Lungu, who narrowly won a Aug. 11 presidential election in Africa’s second-biggest copper producer, said in an e-mailed statement that having been elected for a whole term has given him time to implement difficult decisions he couldn’t do ahead of the vote.
Zambia’s government hopes to secure an IMF bailout that could exceed $1.2 billion to shore up the nation’s budget and top up foreign reserves after a slump in copper prices, which account for more than 70 percent of export earnings, curbed capital inflows. The economy expanded last year at the slowest pace since 1998. Lungu won a five-year term after first taking over the presidency in January 2015 in a vote held after Michael Sata died in office.
“Tough decisions will be made, some will be painful but necessary,” said Lungu, 59, after a meeting with businessmen in Lusaka, the capital. “I will take measures to grow the economy and control expenditure.”
The package could come with conditions including cutting subsidies that will result in higher electricity and fuel prices.
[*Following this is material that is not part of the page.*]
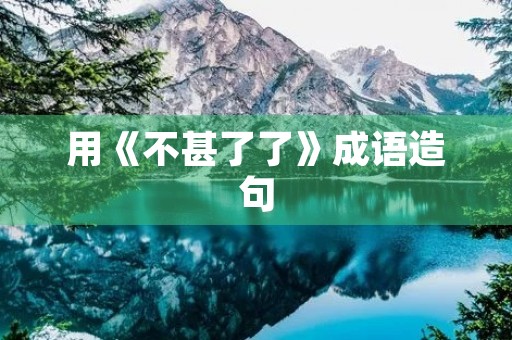 用《不甚了了》成语造句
Zambia’s budget deficit, which ballooned to almost 10 percent of gross domestic product in 2015, will probably reach 9.3 percent this year, according to Samantha Singh, a Johannesburg-based strategist at Standard Bank.
Subsidy Cuts
Yields on the country’s $1 billion of Eurobonds maturing in April 2024 fell 14 basis points to 8.98 percent by 4 p.m. in Lusaka on Thursday.
The government is considering “rapid but progressive” energy subsidy cuts, and will restructure a fertilizer and seed support program for farmers, Lungu said. The Food Reserve Agency will also be restructured to only buy strategic stocks, he said.
The opposition United Party for National Development plans to petition Lungu’s election victory in the country’s Constitutional Court, citing irregularities in the vote that the ruling party and electoral commission denied. It’s leader,Hakainde Hichilema, widely known by his initials HH, called the election “a coup on democratic process”.
Legal Challenge
The legal challenge could impact the timing of an aid deal from the Washington-based lender, Ahmed Salim, a Dubai-based analyst with Teneo Intelligence, said in an e-mailed note Aug. 15.
“A loan agreement with the IMF is a foregone conclusion, but the timing will be subject to making sure that due process, particularly with the challenge by HH, is completed in a transparent manner,” he said. “Going into the election, donors had made it clear that the transparency of the elections will influence IMF negotiations.”